Little things that matter in language design
Little things that matter in language design
Posted Jun 9, 2013 20:09 UTC (Sun) by khim (subscriber, #9252)In reply to: Little things that matter in language design by tialaramex
Parent article: Little things that matter in language design
For this purpose it provides UAX #15
Which nobody uses in programming languages because of performance reason.
If you don't do this normalisation step you can end up with a confusing situation where when the programmer types a symbol (in their text editor which happens to emit pre-combined characters) the toolchain can't match it to a visually and lexicographically identical character mentioned in another file which happened to be written with separate combining characters. This would obviously be very frustrating.
It's not as frustrating as you think. They don't type ı followed by ˙, they just type i. And the same with other cases. Any other approach is crazy. Why?
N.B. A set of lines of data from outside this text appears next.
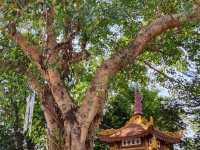 河內西湖上的鎮國古寺 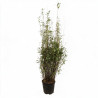 Bambou non traçant Black Pearl - Fargesia nitida Black Pearl 125/145cm Pot 18L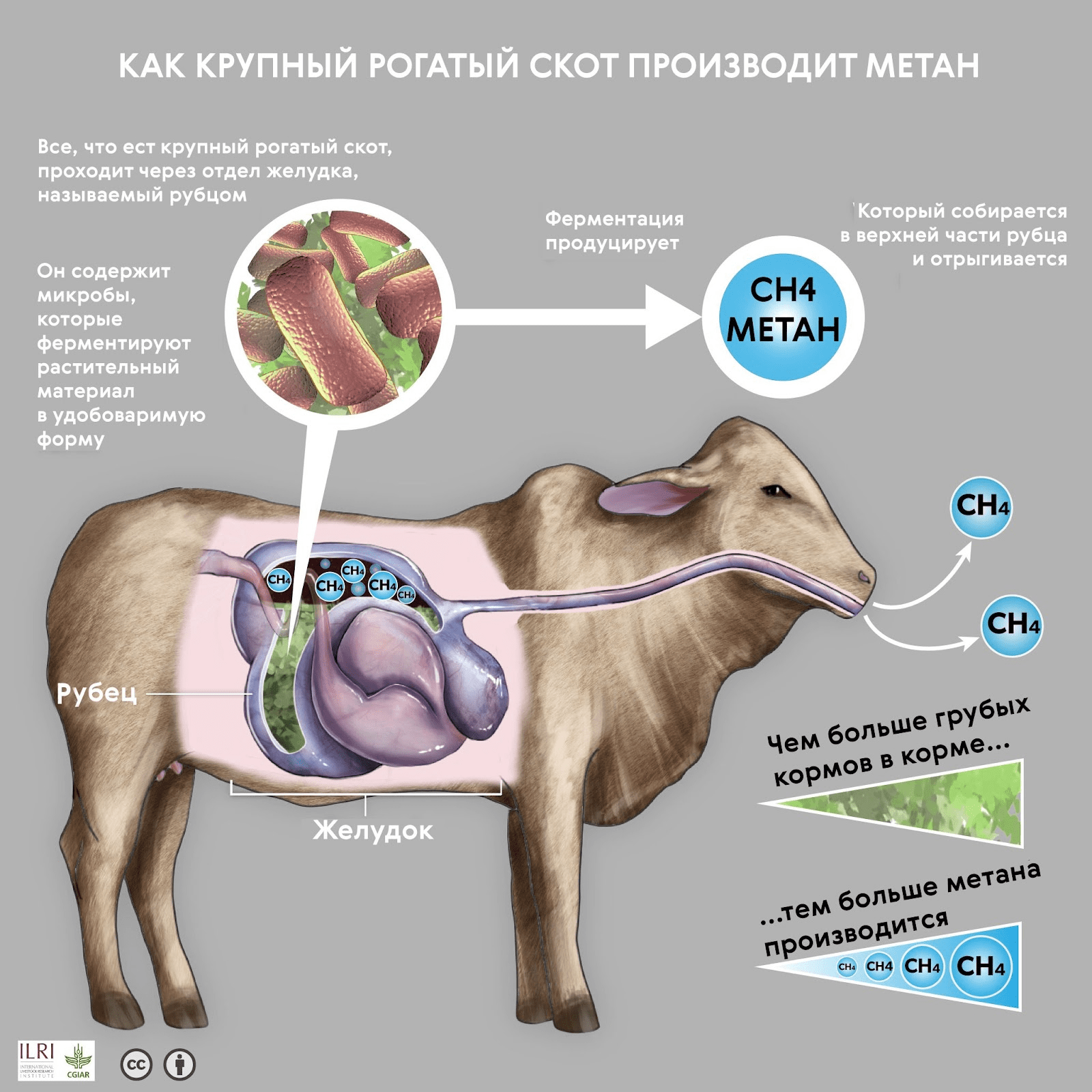 Выделение метана в пищеварении жвачных животных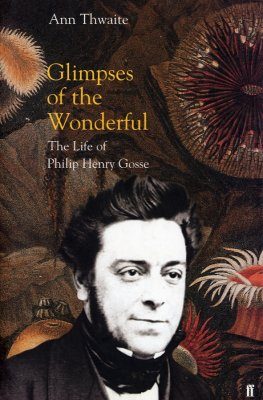 Glimpses of the Wonderful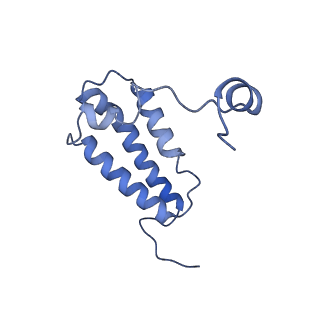 11810_7ak5_W_v1-1
Cryo-EM structure of respiratory complex I in the deactive state from Mus musculus at 3.2 A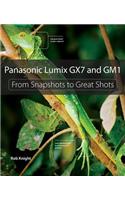 Panasonic Lumix GX7 and GM1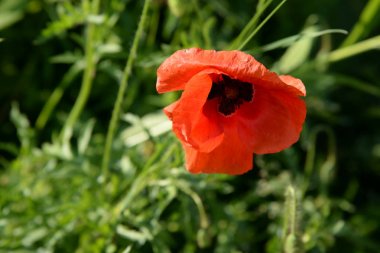 Poppy (Papaver)-haşhaş ailesinden bitkilerin cins (Papaveraceae)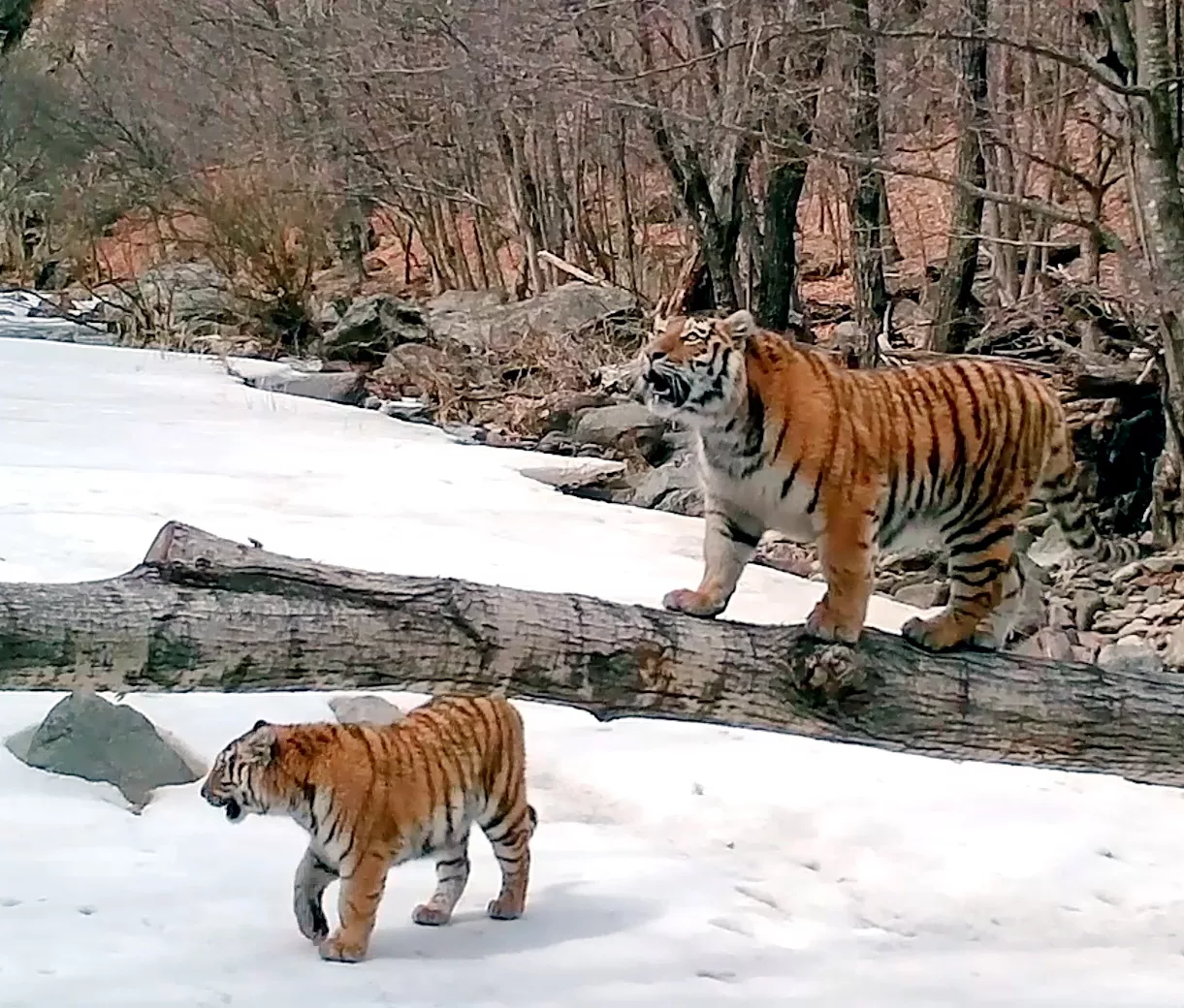 Новый выводок самой знаменитой тигрицы попал на видео в Приморье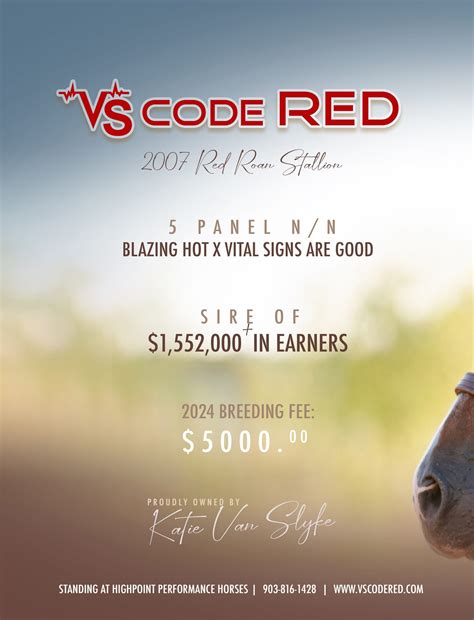 Vs Code Red Sale Price 6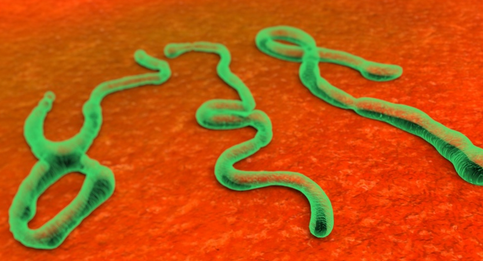 Ebola Nedir? Ebola Virüsü, Ebola Öldürücü Hastalık mı?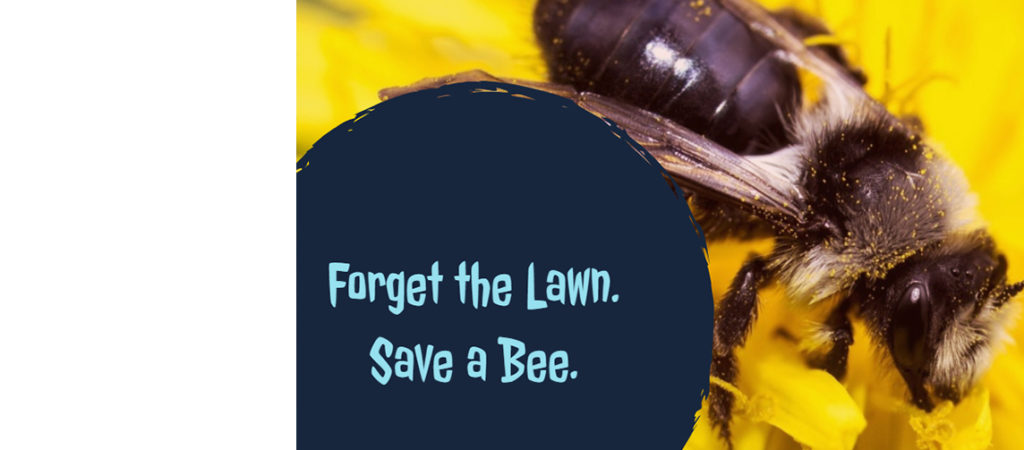 https://www.conservationcouncil.ca/wp-content/uploads/2018/05/Bee-Feature.jpg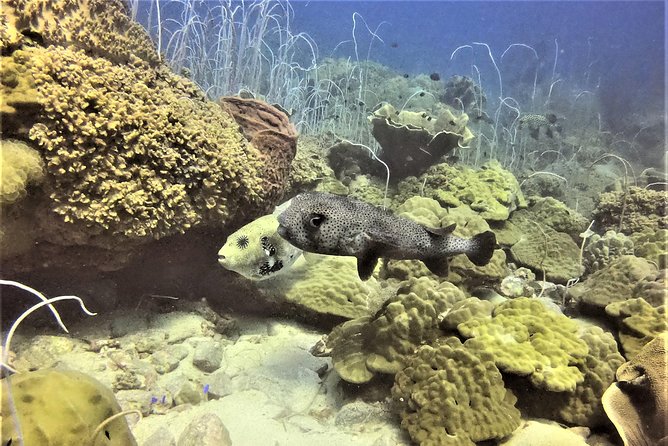 PADI Discover Scuba Dive Experience - Small Groups and Tight Coaching: Why This Ratio Matters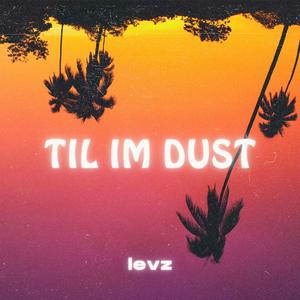 Til Im Dust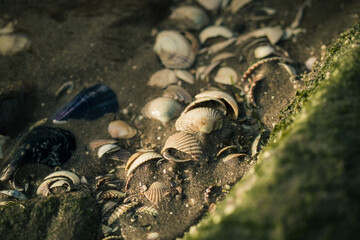 Closeup of the shells that can be found in the tide pools that surround the Hilbre Islands.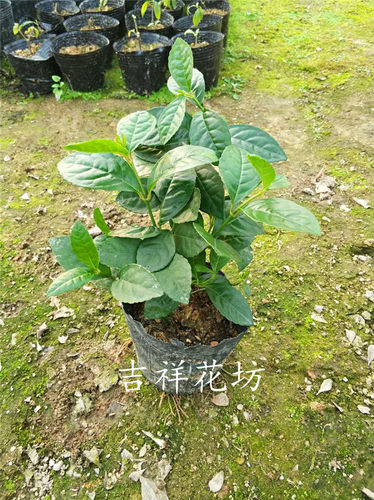 包邮带花发货 珠兰金粟兰鱼子兰鸡爪兰 姿态优美庭院阳台盆栽植物 - 图3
Well, because many programming languages will show ı combined with ˙ as "ı˙", not as "ı̇".
You may say that ı˙ is not canonical representation of "i". Ok. "и" plus " ̆" is the canonical representation of "й". Try this for size:
$ cat test.c
#include <stdio.h>
int main() {
printf("%c%c%c%c == %c%c\n", 0xD0, 0xB8, 0xCC, 0x86, 0xD0, 0xB9);
}
$ gcc test.c -o test
$ ./test | tee test.txt
й == й
Not sure about you but on my system these two symbols only look similar when copy-pasted in browser - and then only in the main window (if I copy-paste them to "location" line they suddenly looks differently!). And of course these two symbols are different in GNOME terminal, gEdit, Emacs and other tools!
Thus, in the end you have two choices:
- Compare strings as sequence of bytes. Result: simple, clean, robust code, but toolchain can't match [symbol] to a visually and lexicographically identical character mentioned in another file
- Compare strings as UAX #15 says. Result: huge pole of complicated code and toolchain can match symbol to a visually and lexicographically different character mentioned in another file
Frankly I don't see second alternative as superior.